妹が私の物を欲しがるけれど、こればかりは誰にも譲れない

作者: ヒトミ

学園の階段下で、ルナリー・キルシェは「またか」と諦めの境地に達していた。


旧校舎の人気(ひとけ)がない場所だからって、やっていいことと、悪いことがあるでしょうが。


私みたいに、一人になりたい生徒がくることもあるんだから。


ルナリーの視線のさきでは、一組(ひとくみ)の男女が熱いキスを交わしていた。


知らない男女ならまだいい。だが残念ながら、どちらもルナリーが良く見知っている人物だった。


女生徒の方はソレーナ・キルシェ。名前の通り、ルナリーと血の繋がった、実の妹である。


男子生徒は、スカイラー・ヘルト。昨日までルナリーに付きまとい、しつこく口説いてきてた、軽い男。


スカイラーが違う女生徒に目移りしたことは、大いに歓迎すべきことだが、その相手がよりによってソレーナだというのは、いかがなものか。


妹は小さい頃から両親に甘やかされ、わがままな人間に育ってしまった。


ルナリーにとって厄介だったのは、彼女がルナリーの物やルナリーに近づく人間を、やたらと欲しがり奪う癖があることだった。


私以外の人には、そんな悪癖を出さないのが、余計に厄介なとこだよね。


ソレーナのことは、それでも可愛い妹だと思ってるけど、今みたいに、変な男と関係を持たれると、心配でしょうがない!


「……こほんっ」


ルナリーはわざと二人に聞こえるような咳払いをした。


「ルナリー嬢っ。違うんだ、これは!」


「きゃっ! お姉ちゃん!」


スカイラーはソレーナを突き放して、ルナリーに弁解し、ソレーナは突き放されたのにも関わらず、ルナリーに笑顔を向けてきた。

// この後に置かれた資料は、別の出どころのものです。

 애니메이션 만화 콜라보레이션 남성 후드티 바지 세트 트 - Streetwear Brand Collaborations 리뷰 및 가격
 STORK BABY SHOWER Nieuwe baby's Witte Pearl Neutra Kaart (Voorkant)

「ソレーナ、大丈夫? 後で話があるから、そこで待ってて。スカイラー様、そんな方だとは思いませんでした。もう、顔を見せないでくださいね」


「はーい」


「……分かりました」


ソレーナは嬉しげな返事をしながら、ルナリーに近づき、スカイラーは悔しげに去っていった。


「なんでスカイラーとあんなことを?」


「だって、お姉ちゃんのこと好きそうだったから。欲しくなっちゃって」


「……もうこんな事しないで。世の中にはいい人ばかりがいるんじゃないんだから。事件にでも巻き込まれたらどうするの?」


「うーん、考えとくね?」


ソレーナはルナリーに愛嬌を振りまきながら、気のない返事をしてきた。


まったくもう!


◆◆◆


家族みんなが揃った晩餐の席で、父が口を開いた。


「ルナリー、覚悟はできていたと思うが、お前の結婚日程が決まった」


ついにきたか。


ソレーナは知らないことだったが、ルナリーには幼い頃から決められた、婚約者がいた。


その婚約者というのが、隣国の皇太子なものだから、両親はルナリーを幼い頃から厳しく育てたわけである。

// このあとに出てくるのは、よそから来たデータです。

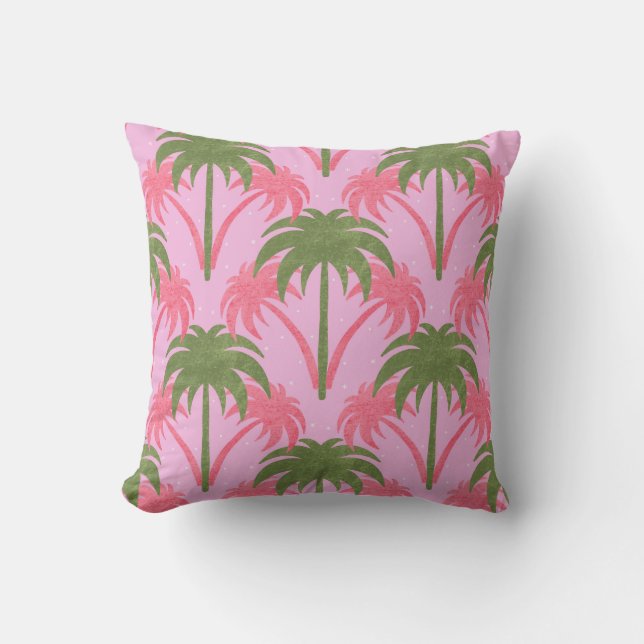 Palm Trees Retro Texture Pink Green Throw Pillow (Front)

ソレーナをこれでもかと甘やかしていたのは、その反動だったのかもしれない。


「……いつですか?」


「卒業式の次の日だ」


それはまた、随分性急ですね。


国を背負うに相応(ふさわ)しい堂々とした態度と、寛容さに(あふ)れた眼差しを向けてくる婚約者を思い出す。

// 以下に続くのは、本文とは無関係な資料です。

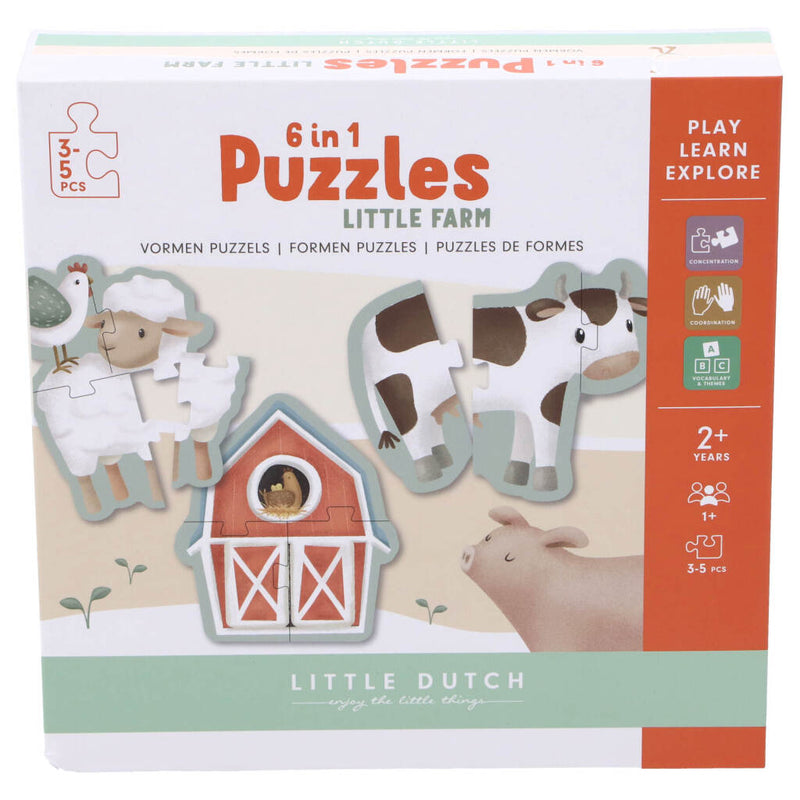 Load image into Gallery viewer, Little dutch farm 6in1 puzzel 3-5 stukjes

彼と並び立てるよう育ててくれた両親に、恥をかかせないためにも、頑張らなくてはと改めて決意する。


「お姉ちゃん、誰と結婚するの!? 私そんなこと知らない! ……その人のこと欲しいなぁ」


まただ。だけど、いつもより声に焦りが混じってる?


どうしたのだろうと、ソレーナの方を見ると、妹はぎこちない笑顔で、ルナリーを凝視していた。


「ソレーナ……?」


「ソレーナちゃん?」


さすがの両親も、これには訝しげな反応を示した。


今まで、両親の前では悪癖をさらしたことがなかった妹だから、父も母も驚いたのだろう。


「ソレーナ、悪いけど、こればかりは誰にも譲れないの。ごめんね」


皇太子妃に必要な教育を受けたことがない妹に、重荷を背負わせるわけにはいかない。


ルナリーは心を鬼にして、ソレーナの要求を拒んだ。


「っえ? なんで……? お姉ちゃんはいつも私の望みを叶えてくれたのに……?」


理解できないというような妹の絶望的な声に、一瞬絆されそうになるが、再度心を鬼にする。


「ごめんね」


「そん……な。お、お姉ちゃんが、結婚しちゃうなんて! いやあぁぁぁ!」


ソレーナはルナリーに抱きつくと、泣き崩れてしまった。


もしかして、妹は私のことが大好きなのだろうか?


だから、私の気を引くために、物を欲しがったり、奪ったりしてきたのかもしれない。


ソレーナを(なぐさ)めながら、ルナリーは一人納得していた。


お読みいただきありがとうございました!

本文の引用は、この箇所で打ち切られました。